**Supplied material**
Content starts

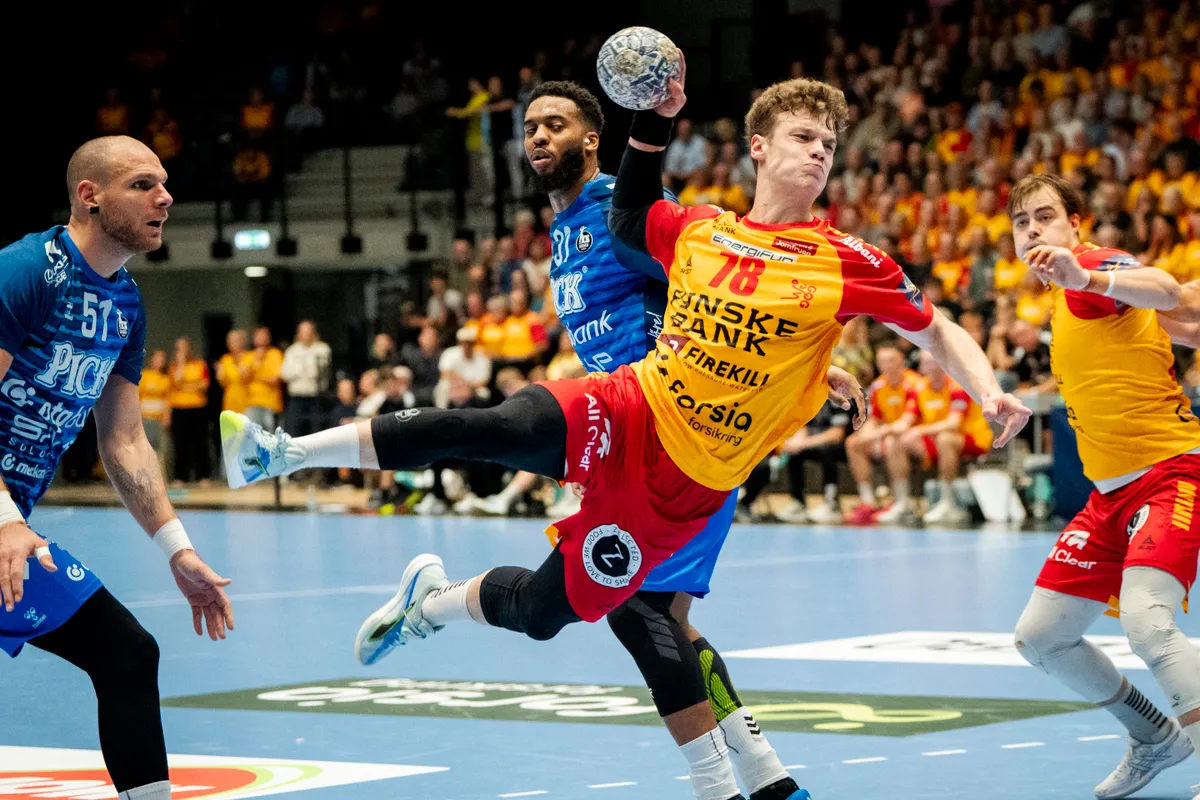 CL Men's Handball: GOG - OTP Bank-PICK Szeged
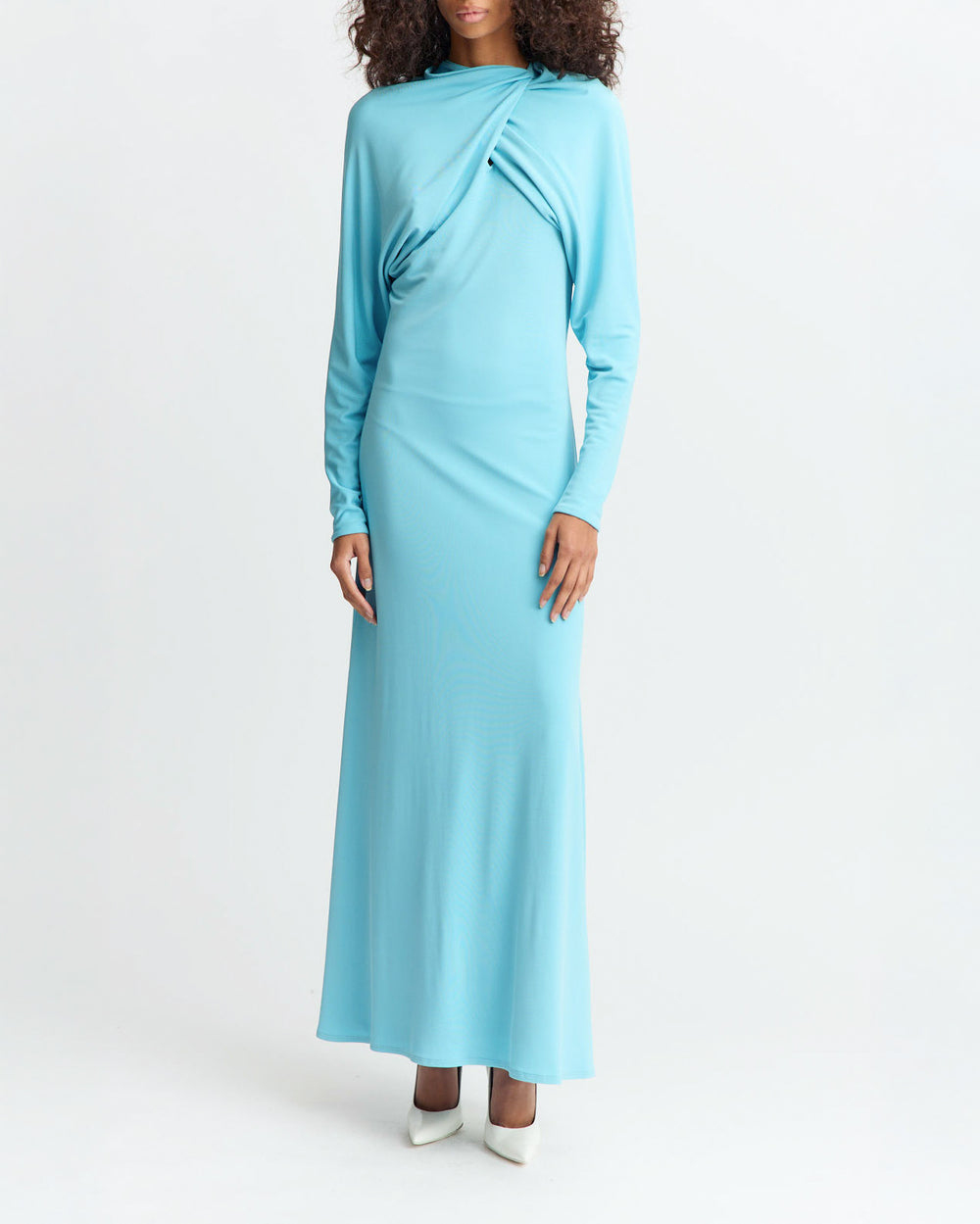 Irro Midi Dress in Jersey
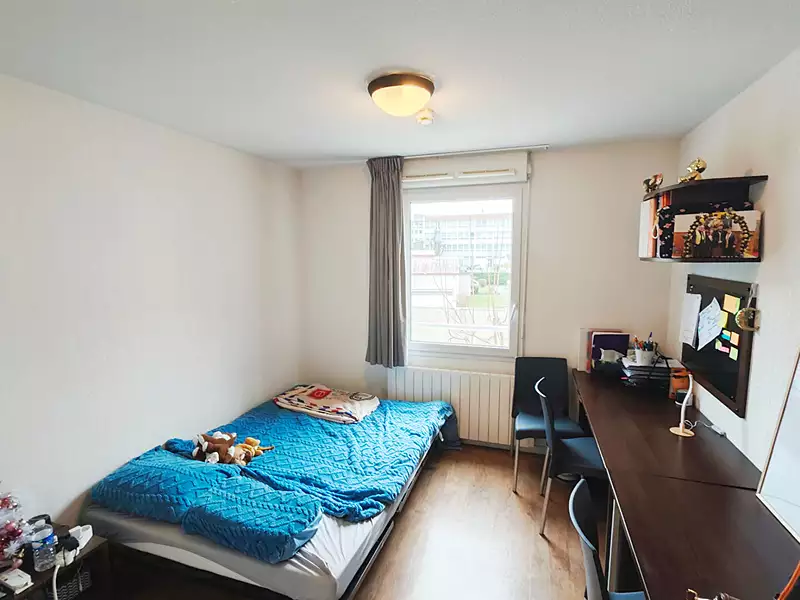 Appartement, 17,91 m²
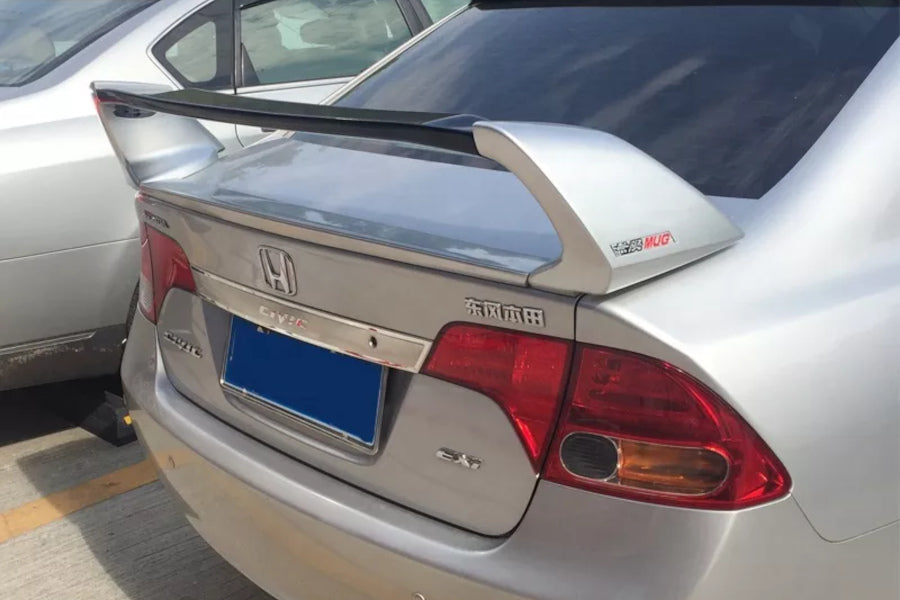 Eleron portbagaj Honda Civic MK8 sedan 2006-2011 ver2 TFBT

Content ends

**What to work on**
Copy out the lines exactly as written, beginning with the one that contains "Appartement, 17,91 m²" and ending with the last line of the material; do not include pictures.

**Result below**
 Appartement, 17,91 m²
 Eleron portbagaj Honda Civic MK8 sedan 2006-2011 ver2 TFBT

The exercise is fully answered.